High-flying oil prices rose further as news of a surprise meeting between the Saudi and Venezuelan oil ministers strengthened signals that export group Opec will prolong deep supply curbs.

World benchmark Brent crude was up 20 cents to $24.84 a barrel at the last trading session, extending a near 90 cents gain on Tuesday. Prices climbed as details emerged of an Amsterdam meeting between Saudi Oil Minister Ali Al-Naimi and his Venezuelan counterpart Ali Rodriguez, expected to agree on the need to extend the cuts beyond a planned March expiry.
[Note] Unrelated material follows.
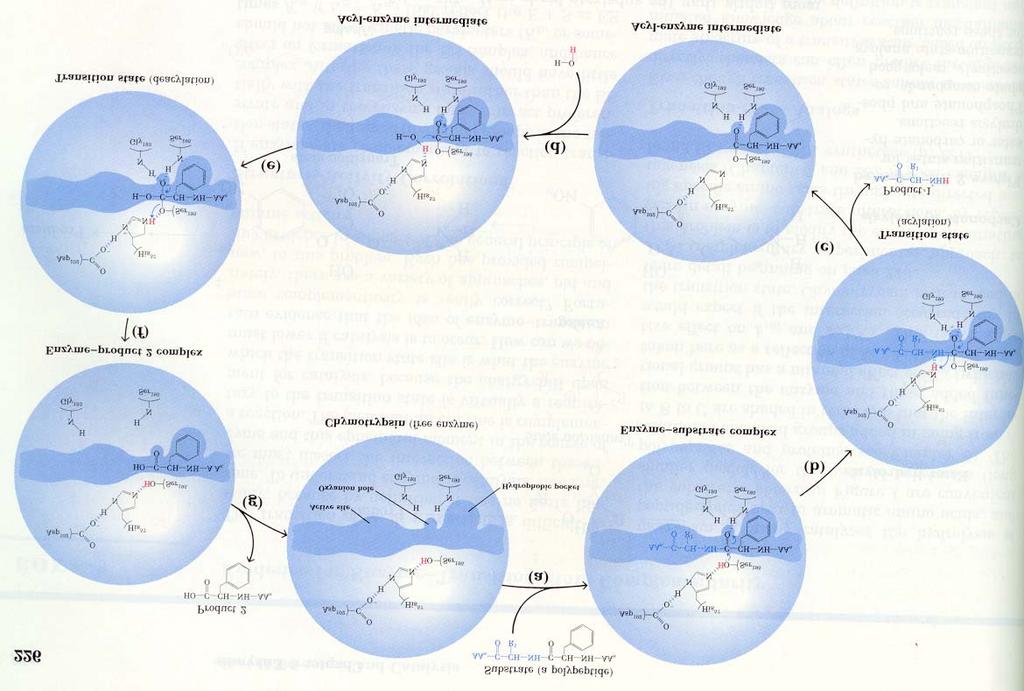 2) Zayıf etkileşimler, reaksiyonun geçiş durumunda optimize edilir; enzimin aktif yeri substratların kendileri için değil, katalize ettikleri reaksiyonların geçiş durumu için tamamlayıcıdır.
The two ministers were at the vanguard of a producer alliance that more than doubled oil prices last year by cutting some five million barrels per day of supply.

Britain braces for rate hike

Britain's nine-member Monetary Policy Committee (MPC) looks set to pull the interest rate trigger, raising borrowing costs 0.25 percentage points to 5.75 per cent.

The move, widely anticipated by financial markets, will mean higher borrowing costs for home buyers and businesses but help ensure lively economic growth does not stir inflation.

In a Reuters poll, 27 economists out of 33 expected the Bank of England's Monetary Policy Committee (MPC) to raise interest rates to 5.75 per cent from 5.50, a modest move financial markets should comfortably absorb. Some economists even warned the MPC could opt for a 50 basis point rise.

The trouble for the MPC however, is that Britain's economy looks relatively inflation-free, and they are simply reacting to a potential inflation threat in coming years.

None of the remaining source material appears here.